那一晚,鄭老太太對兩個孩子說了什麼誰也不知道,就像葉舟與青青的對話也無人知曉一般,只不過關於那個神秘莫測的葉三十五,眾人心中或多或少都有了計較。

回到日常生活裡,林嶽白已經定居在葉家,他奶奶著手給他辦的轉校手續已經批下來了,讀的是離葉家最近的一中初中部初二,和陳淨隱就此成為同校不同級的校友。

轉學生去學校報到的第一天,是由陳霽和青狐一路送去教室的。

按照後來陳淨隱的描述,當時整個學校的場景可謂盛況空前。

為什麼呢?

因為陳霽和青狐回來了。

當一棟教學樓的每一條走廊,每一個窗戶,每一處陽臺都擠滿人頭,當學生群中口口歡呼他們回來了,當學校資格最老的教導主任抓著雞毛撣子衝出辦公室嚴陣以待時。

青狐的腳剛剛踏上初中部教學樓前的小廣場。

拜這樣兩位聲勢浩大的左右護法的功勞,林嶽白從進入這所學校的第一天開始便備受矚目。

“他們為什麼全都知道姐姐和青狐?他們倆從這裡畢業也有許多年了吧?”某一天課間操的時候,陳淨隱帶著林嶽白在食堂點了碗滷麵,兩個處在生長發育中的青少年跐溜跐溜吃得正香的時候,林嶽白開口問道。

“啊,他們倆啊,”陳淨隱的筷子在碗邊劃了個圈,引導林嶽白去看,在他們二人周圍,早已嘰嘰喳喳圍攏了許多學生,“如果現在坐在這裡的是他們倆,這食堂早就擠爆了。”

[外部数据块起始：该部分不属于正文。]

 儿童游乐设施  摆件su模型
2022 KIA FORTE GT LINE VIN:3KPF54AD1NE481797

“所以我才問為什麼。”林嶽白這些天也習慣了那倆人帶來的影響,這會兒早已見怪不怪。

“首先第一點,那兩個人的性格你也很清楚,姑姑當年是被居委會大媽以不讀書就定伯公伯婆的罪威脅著來完成義務教育的,她的數理化成績九年來從未超越個位數,不管是學校領導還是任課老師,都拿她沒辦法,更有青狐助紂為虐,成天幫著姑姑違反學校紀律,他們兩個人是當年出了名的惡棍雙人組,你看看老師們提起青狐咬牙切齒的模樣就該知道。”陳淨隱饒有興致地繼續說道:“其次,青狐的長相太顯眼,姑姑雖說不是天生麗質,可那氣質往任何地方一站,絕對就是古墓派不二傳人啊,這兩個人一天到晚黏在一塊,走到哪都得讓人心碎一地。”

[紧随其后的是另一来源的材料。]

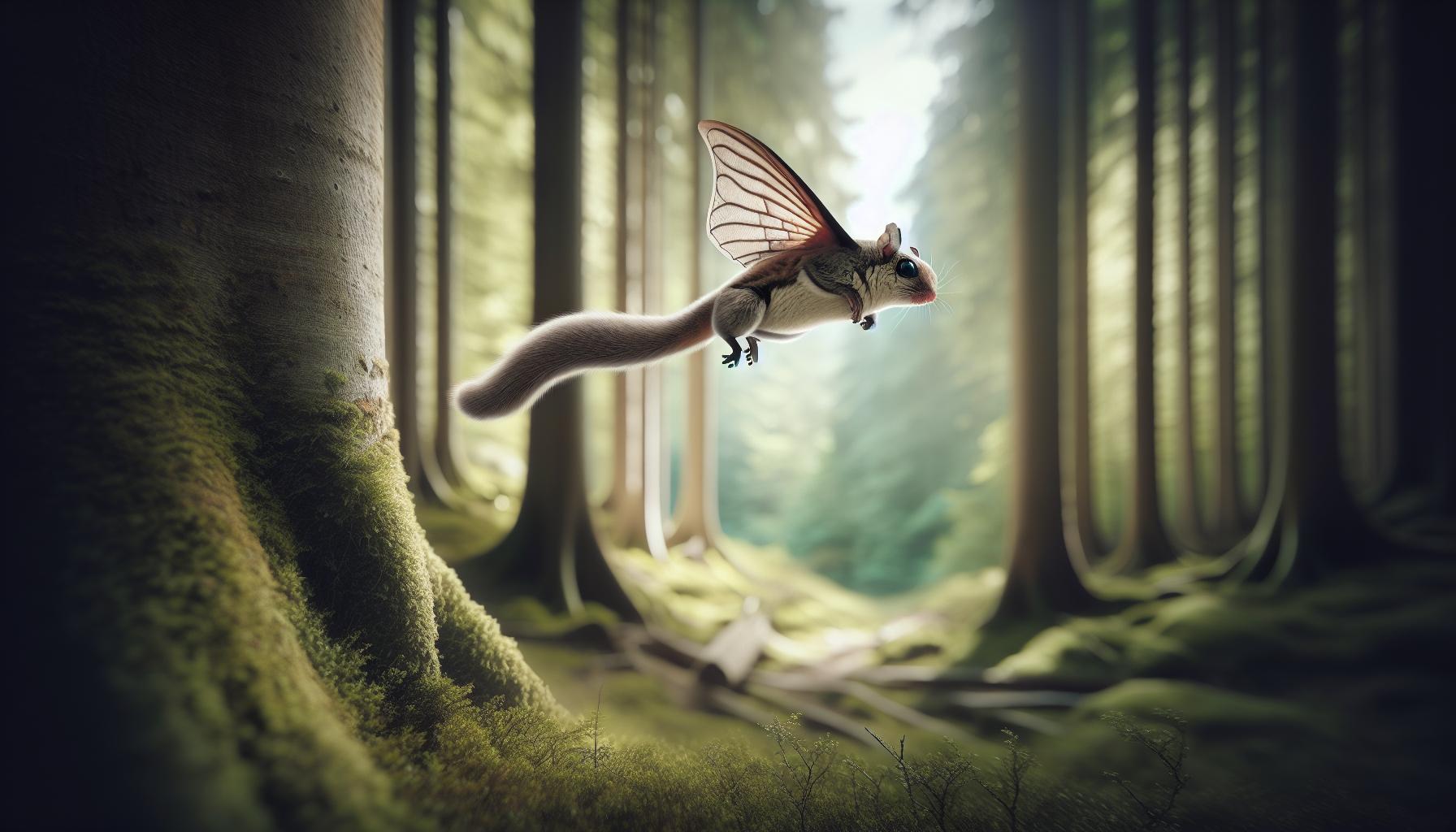 How Far Can a Flying Squirrel Glide?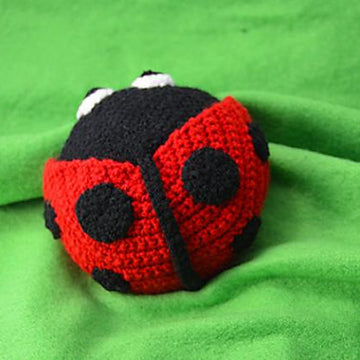 Ladybug Crochet Pattern, Ladybug Amigurumi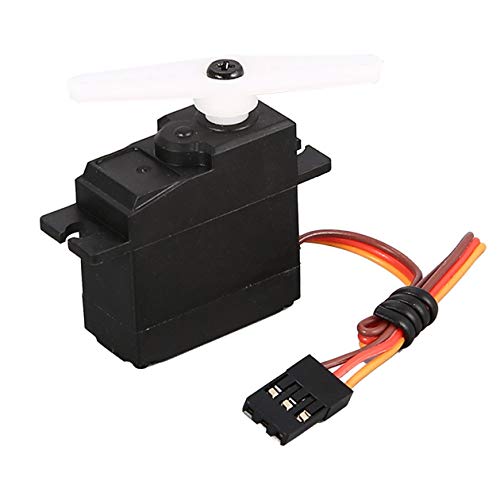 Heraihe RC Car Steering Servo for RC 1/16 Climbing Crawler Car WPL B-1/B-24/C-14/C-24/B-16 Truck Part Spare Parts Accessories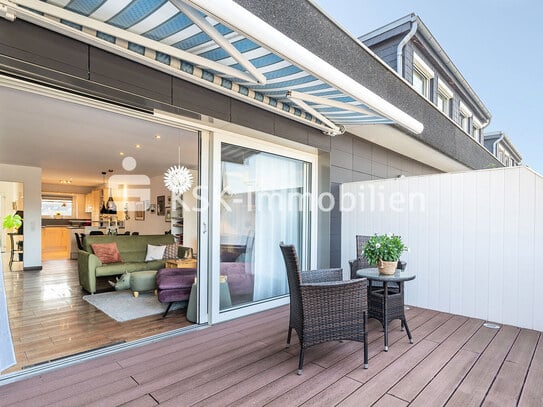 Schöner Wohnen im Haus-in-Haus mit Balkon und Terrasse im Leichlinger Zentrum!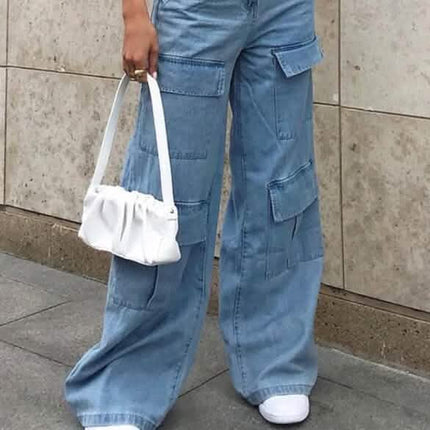 Women's Cargo Pants Jeans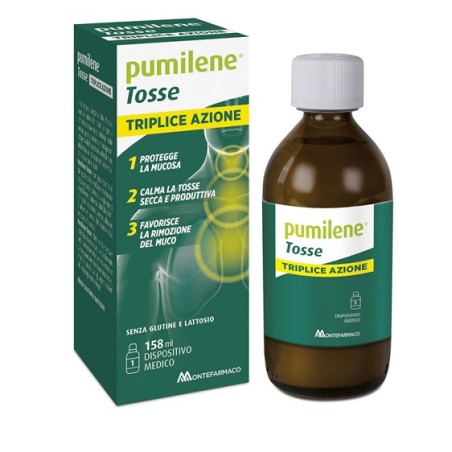 Pumilene Tosse Sciroppo 158 Ml Pumilene Tosse Sciroppo 158 Ml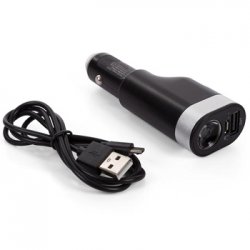 Carregador Isqueiro Auto USB-A 6 em 1 VELACC0502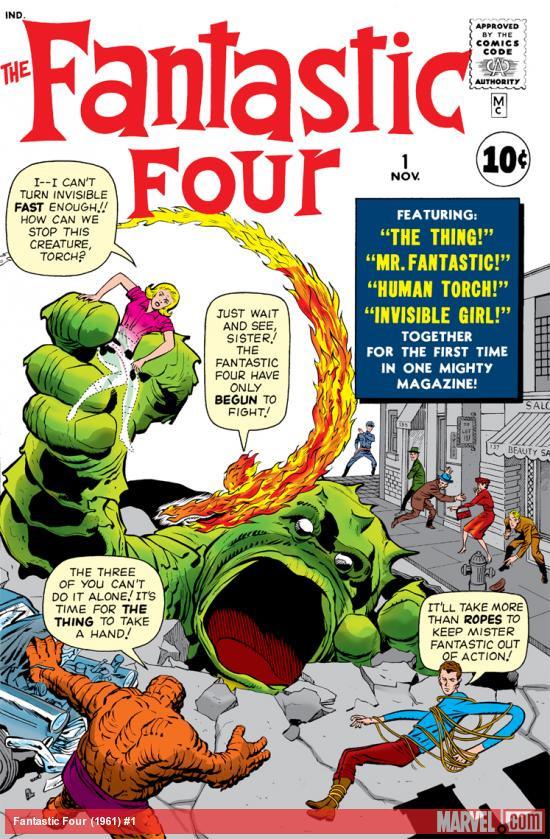 عدد Fantastic Four #1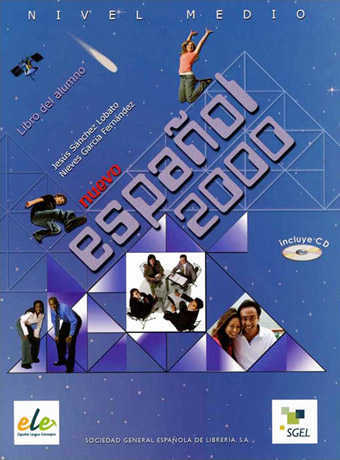 Nuevo Español 2000 Medio Libro del alumno + CD Audio - Cliquez sur l'image pour la fermer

林嶽白挑掉碗裡的一粒蔥花,冷冷地笑,“你以為這是校園言情嗎?”

“咳!”陳淨隱面露窘色,不過立即又笑出了聲,“其實最關鍵的一點是,他們兩個人還有一個外號。”

林嶽白應道:“什麼外號?”

陳淨隱低頭嘿嘿笑,“神秘事務司!”

林嶽白想起青狐的真身,又想起陳霽的身世,略有所悟。

陳淨隱探過腦袋,神神秘秘地壓低聲,說道:“你還記不記得鬼婆婆先前說過的萬妖冢?”

林嶽白點點頭。

陳淨隱又問:“那你知不知道我們學校的後操場建在哪裡?”

林嶽白的眼倏然瞪大,驚道:“你是說……”

“噓!”陳淨隱趕緊壓低聲,“其實每一所學校或多或少都有一些靈異傳聞,我們學校也不例外,只不過大家一般都把這些事歸為靈異事件,卻不知道其實都是妖怪在鬧事,姑姑和青狐在這所學校的那三年,這些妖怪鬧得尤其兇,當時簡直是人心惶惶,而且許多奇怪的事或多或少都和姑姑扯上關係,所以流言就這麼傳開了。”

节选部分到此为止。